From the first line to the last, set down the material exactly, leaving out its pictures.

• [Given data]:
━━━━━━━━━━━━━━━━

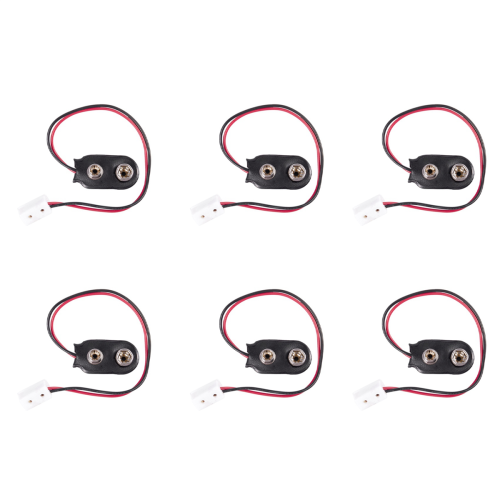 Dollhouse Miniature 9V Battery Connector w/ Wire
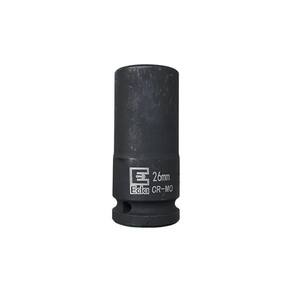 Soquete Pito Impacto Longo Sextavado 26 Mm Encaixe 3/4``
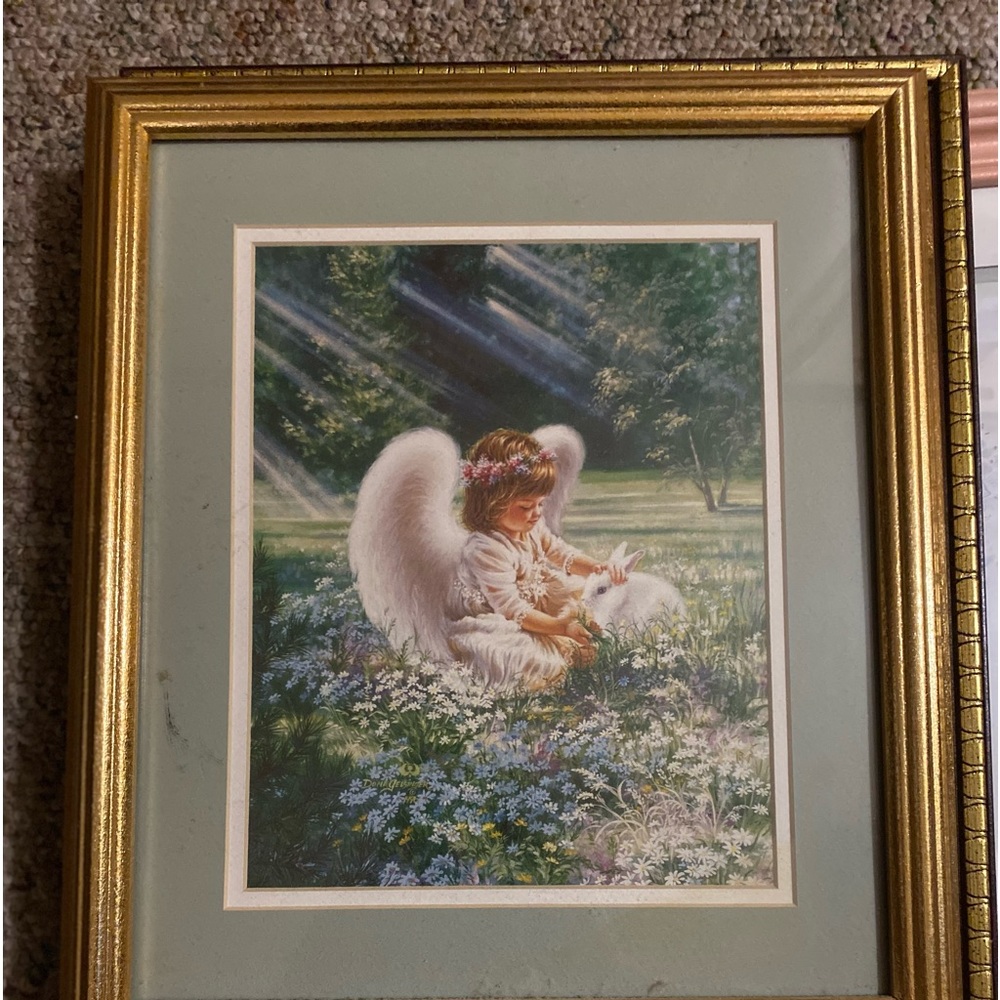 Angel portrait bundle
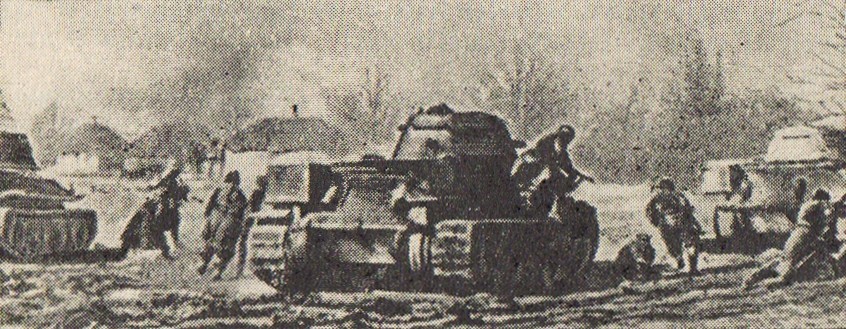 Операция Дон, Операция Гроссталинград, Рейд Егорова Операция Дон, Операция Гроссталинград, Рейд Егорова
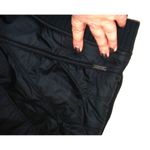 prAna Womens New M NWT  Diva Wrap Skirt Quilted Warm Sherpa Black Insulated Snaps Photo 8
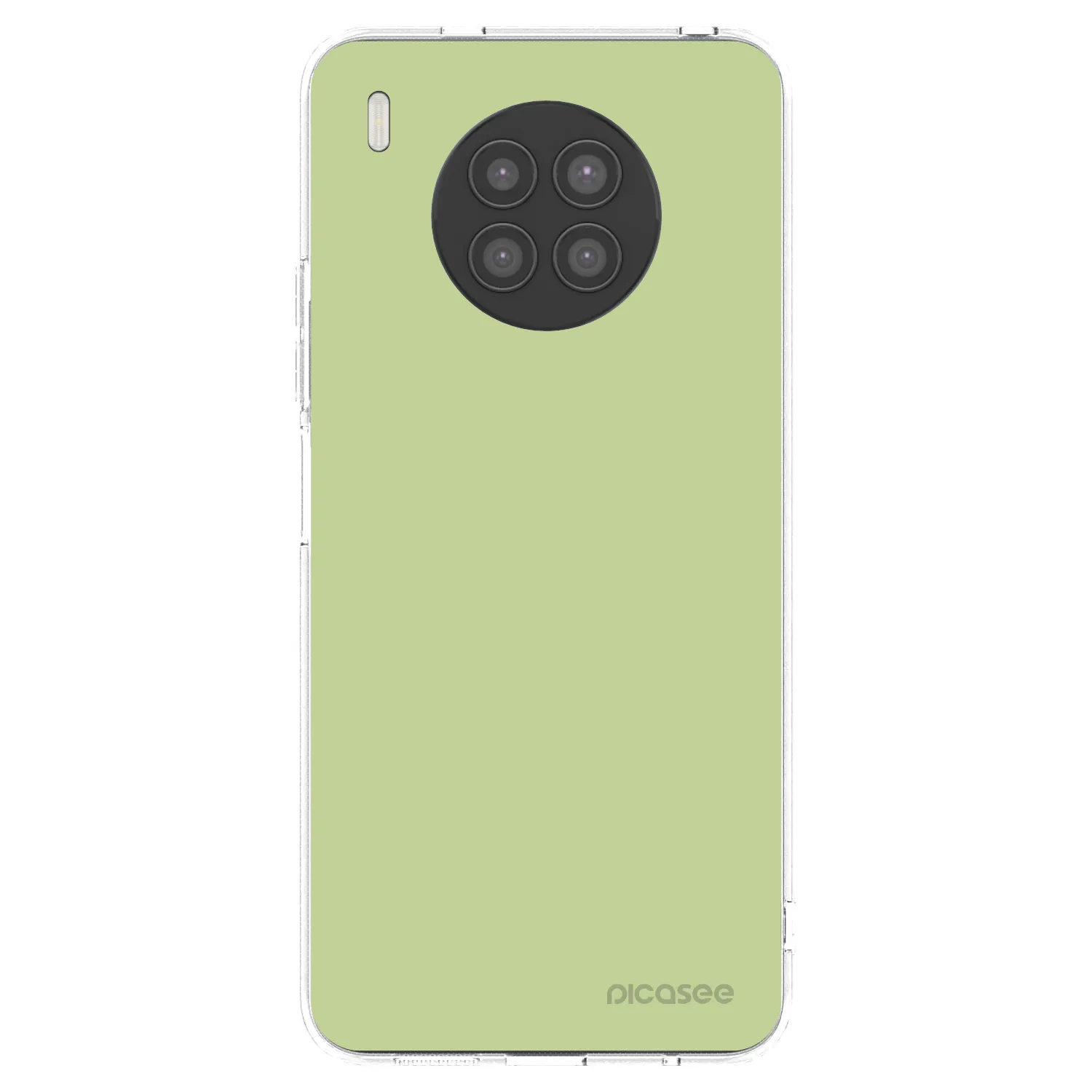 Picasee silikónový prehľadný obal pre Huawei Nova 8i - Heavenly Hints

━━━━━━━━━━━━━━━━

• [Reply]:
 Dollhouse Miniature 9V Battery Connector w/ Wire
 Soquete Pito Impacto Longo Sextavado 26 Mm Encaixe 3/4``
 Angel portrait bundle
 Операция Дон, Операция Гроссталинград, Рейд Егорова Операция Дон, Операция Гроссталинград, Рейд Егорова
 prAna Womens New M NWT  Diva Wrap Skirt Quilted Warm Sherpa Black Insulated Snaps Photo 8
 Picasee silikónový prehľadný obal pre Huawei Nova 8i - Heavenly Hints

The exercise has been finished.